Thursday 20 October 2011

'Writing for Children' by Linda Strachan: reviewed by Rosalie Warren

First of all, a big thank you to Linda Strachan. Reading her book, Writing for Children, helped me get started with writing for young folk, to persevere with my revisions and submissions and, eventually, to find a publisher for Coping with Chloe, my first children's/YA book.

Actually, to speak of 'reading' Strachan's book is something of an understatement. I tend to treat my how-to-write books rather like Bibles or other religious texts. Perhaps if I squeeze a book hard enough, some of the magic will seep from it into me... inspire my dreams and help me unlock the golden gate to success. I like to think I'm a bit more rational than that, at least some of the time, but to be honest, I'm not sure...

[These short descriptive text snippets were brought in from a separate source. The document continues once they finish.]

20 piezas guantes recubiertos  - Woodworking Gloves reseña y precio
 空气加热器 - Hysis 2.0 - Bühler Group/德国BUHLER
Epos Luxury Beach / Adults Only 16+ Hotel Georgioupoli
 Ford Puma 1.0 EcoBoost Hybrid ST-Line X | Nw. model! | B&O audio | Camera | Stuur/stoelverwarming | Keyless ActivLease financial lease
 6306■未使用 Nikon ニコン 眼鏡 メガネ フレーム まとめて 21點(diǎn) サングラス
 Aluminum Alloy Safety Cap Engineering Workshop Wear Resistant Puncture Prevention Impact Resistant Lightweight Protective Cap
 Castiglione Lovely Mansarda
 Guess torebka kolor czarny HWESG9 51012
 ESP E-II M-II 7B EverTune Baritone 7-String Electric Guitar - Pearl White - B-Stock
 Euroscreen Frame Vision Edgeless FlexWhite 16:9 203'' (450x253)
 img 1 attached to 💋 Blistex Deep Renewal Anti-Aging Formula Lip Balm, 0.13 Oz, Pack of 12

Writing for Children certainly opened a number of gates for me. First and foremost, it helped me believe I could do it. I'd already had two books published for adults, but writing for children was something new, and I had no illusions that it would be easy.

Linda Strachan's book focuses on writing for children up to the age of 12, and she tells you everything a beginning author could possibly need to know, in the straightforward and unassuming manner of one who has been doing it for years and has over 50 books to her name. Unusually, she gives plenty of space to writing non-fiction as well as fiction, and she also discusses at length the practicalities of writing for a fee or writing for companies like Working Partners. All this was new to me and very useful to learn about. Strachan also discusses writing and publishing poetry and plays, and there's a useful section on research. She gives a great deal of helpful advice on the mechanics of writing - how to get ideas, how to tackle plot, structure, characterisation, dialogue, settings, beginnings and endings and point of view... and how to revise your work.

Strachan provides useful writing exercises, too. Normally I skip the exercises in books, but I did try some of hers and I'm very glad I did, as they are unusual and inspiring. She takes you through the process of how to prepare your submissions and send them off to agents and publishers - and what to do when the inevitable rejections come.

There's a useful chapter on what to expect of your publisher or agent - and what they might expect of you. Plus there are many ideas for self-promotion and advice on how to deal with school visits and other author events. Money matters, contracts and royalties are covered, too, and Strachan offers good counsel on how to work - as I do - without an agent. At the end there's an invaluable list of resources of all kinds, including organisations for writers, courses and consultancies, plus magazines, websites and recommended books.

Another great thing about Writing for Children is the way it is scattered throughout with helpful and inspiring remarks by children's authors of all kinds (plus Anton Chekhov, for good measure). You get the feeling that you're in the company of experts and that, with their help, you won't go far wrong. I've started recommending this book to budding authors who come to me for advice about writing and submitting their children's books.

My copy is now severely battered. Like a favourite old teddy bear, I still turn to it from time to time, and the section on handling rejection is well-stained with coffee, chocolate crumbs and tears. It's been scribbled on, too, and a number of the page corners turned down. Can a recommendation come more highly than that?

Writing for Children
Author: Linda Strachan
Publisher: A & C Black
Year of Publication: 2008

On Amazon:

Kindle edition (2009):

Rosalie Warren's website:



Penny Dolan said...

It's a good recommendation especially when you say your own copy is so well-worn.

Sue Barrow said...

I don't know why I haven't looked at Linda's book before. I will now. Thanks Rosalie.